Monika Bätschmann, Fr 13.03.20

Die Medienmitteilung der Stadt Zürich, wonach es neu einen Emilie Lieberherr-Platz gibt, welcher aufgrund eines Postulates der beiden Grünen Gemeinderätinnen Elena Marti und Katharina Prelicz-Huber so benannt wurde, hat mich zwar gefreut, aber auch nachdenklich gestimmt. Immer noch müssen wir Frauen um unsere Sicht- und Wahrnehmbarkeit kämpfen.

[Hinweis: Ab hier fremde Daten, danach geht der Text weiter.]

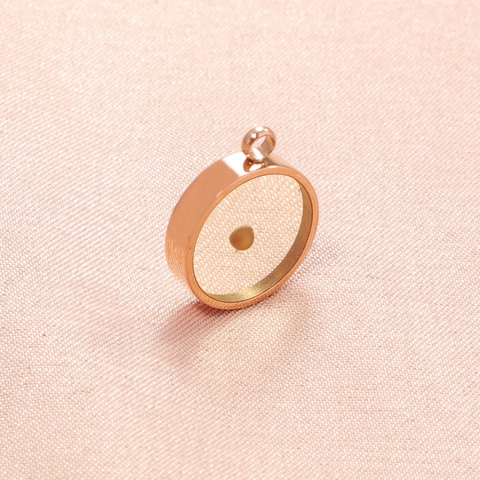 Round Stainless Steel Mustard Seed Pendant Rose Gold Plated DIY Accessory Minimalist Fashion Pendant For Jewelry Making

Aber der Reihe nach: Anlässlich des Frauenstreiktages vom 14. Juni 2019 wurde von den Organisatorinnen des Standes eine kleine, informelle Abstimmung durchgeführt. Der offiziell bisher unbenannte Platz auf der Höhe der Langstrasse 214, sollte einen Frauennamen erhalten, um damit die Leistungen von Frauen sichtbar zu machen. Die meisten Stimmen erhielt Emilie Lieberherr. Sie war unter anderem die erste weibliche Stadträtin in Zürich (von 1970 bis 1994) und sie war eine der engagiertesten, unermüdlichsten Kämpferinnen für die Rechte der Frauen und Benachteiligten in unserer Gesellschaft. Die Ehrung ist also verdient.

Mehr Arbeit, weniger Lohn

Frauen – ob bekannt oder nicht – sind die Stütze unserer Gesellschaft. Sie erbringen den grössten Teil der unbezahlten Hausarbeit, betreuen Kinder und Angehörige, leisten freiwillige Arbeit in verschiedenen Lebensbereichen – sogenannte Care-Arbeit – und sind nebenbei auch noch beruflich engagiert. So hat die Ökonomin Mascha Madörin ein Stundenvolumen der unbezahlten Care-Arbeit von 7697 Stunden gegenüber einem Gesamtvolumen der bezahlten Arbeitszeit von 6974 Stunden errechnet («Care-Ökonomie – eine Herausforderung für die Wirtschaftswissenschaften» 2010). Damit liegt auf der Hand, dass unsere Gesellschaft nicht mehr funktionieren würde, wenn die Frauen diese oft wenig wertgeschätzten Arbeiten nicht mehr erfüllen würden.

Obwohl seit 1981 in der schweizerischen Bundesverfassung und im Gleichstellungsgesetz festgehalten ist, dass alle Frauen und Männer ein Recht auf gleichen Lohn für gleiche oder gleichwertige Arbeit haben, ist dies 2020 noch keine Realität. Nach wie vor gibt es gemäss einer Studie des Eidg. Gleichstellungsbüros eine unerklärbare Lohndifferenz von sieben bis acht Prozent zwischen den Geschlechtern, trotz gleicher Arbeit und gleicher Qualifikation.

Genderneutrale Sprache

Frauen engagieren sich seit langem für eine sprachliche Gleichbehandlung. Auch davon sind wir weit entfernt. Zum Beispiel finden es diverse Medien nicht nötig, Frauen konsequent anzusprechen. Frauen werden höchstens erwähnt oder angesprochen, wenn es nicht anders geht. Zugegeben: eine geschlechterneutrale Formulierung in der gesprochenen und geschriebenen Sprache ist nicht immer ganz einfach. Aber das ist kein Grund, sich nicht darum zu bemühen.

Frauen haben in der Vergangenheit viel geleistet und sie werden auch in Zukunft zweifelsohne viel leisten. Nicht zufällig hiess bereits der Slogan des Frauenstreiks 1991 «Wenn Frau will, steht alles still». Die Frauen, die wir aus der Vergangenheit kennen und die berühmt geworden sind, sollen wo immer möglich sichtbar sein, also auch in unserem Strassenbild. Auch weil sie für alle die Frauen stehen, die trotz grosser Leistung unsichtbar geblieben sind. Wir bleiben dran.